'Check Mascoll'
Published on: 10/7/07.
by TREVOR YEARWOOD
AN INDEPENDENT PROBE of Hardwood Housing Factory Inc. (HHFI) should also cover what role, if any, Minister of State in the Prime Minister's Office, Clyde Mascoll, has played in the business.
Opposition Leader David Thompson indicated this in a letter which he has written to Prime Minister Owen Arthur, calling for an investigation into the company's financial dealings.
The letter was delivered to the Prime Minister's Office on Friday.
But chairman of the company, Anthony Hoyos, told the SUNDAY SUN that Mascoll had no professional connections to HHFI, and had simply acted to facilitate the company with regard to Government's housing mission.
He also said the company had no problem with the investigation Thompson wanted and that he was "not worried in the least".
In the three-page letter, copies of which he gave to the media yesterday, Thompson claimed that Mascoll played an active part "in many of the decisions made to facilitate the work of this company and in its day-to-day operations".

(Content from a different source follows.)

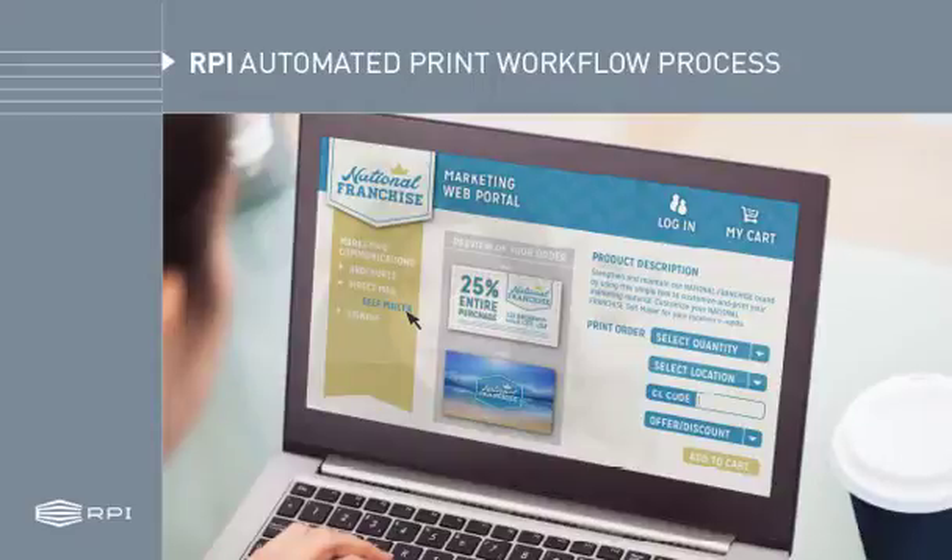RPI's truly automated print workflow process means project speed, accuracy, and competitive pricing for you, no matter how big or small the job. The key is we automate an otherwise manual front-end ordering process.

Thompson also said during a Press conference at his legal office in Aquatic Gap, St Michael, he was concerned that the company could get such favourable treatment from Government without "a track record" and without going through the tendering process for state projects.
Earmarked
The company was earmarked for building pavilions and "significant areas" of land for low-income housing projects, according to Thompson.
Charges raised by the Opposition Leader and Chairman of Parliament's Public Accounts Committee included paying non-national workers more than Barbadians; breaches of "several labour standards"; a cashflow problem; and bounced cheques totalling $30 000.
Hoyos admitted that HHFI had a cash flow problem, but disclosed that the company had been able to meet all its debt commitments.
He said nearly all of the company's 27 employees were Barbadians and there was no pay discrimination.
As for the charge of not tendering for Government projects, he stated that the company did not set the rules, but had to negotiate prices with Government.
On the issue of access to substantial portions of Government land for low-income housing projects, Hoyos said: "That is not the case. No land has been given to us."
Thompson called HHI a private company, but Hoyos said the Government had majority interest in the business set up by Anthony Murrell through an investment by the Enterprise Growth Fund.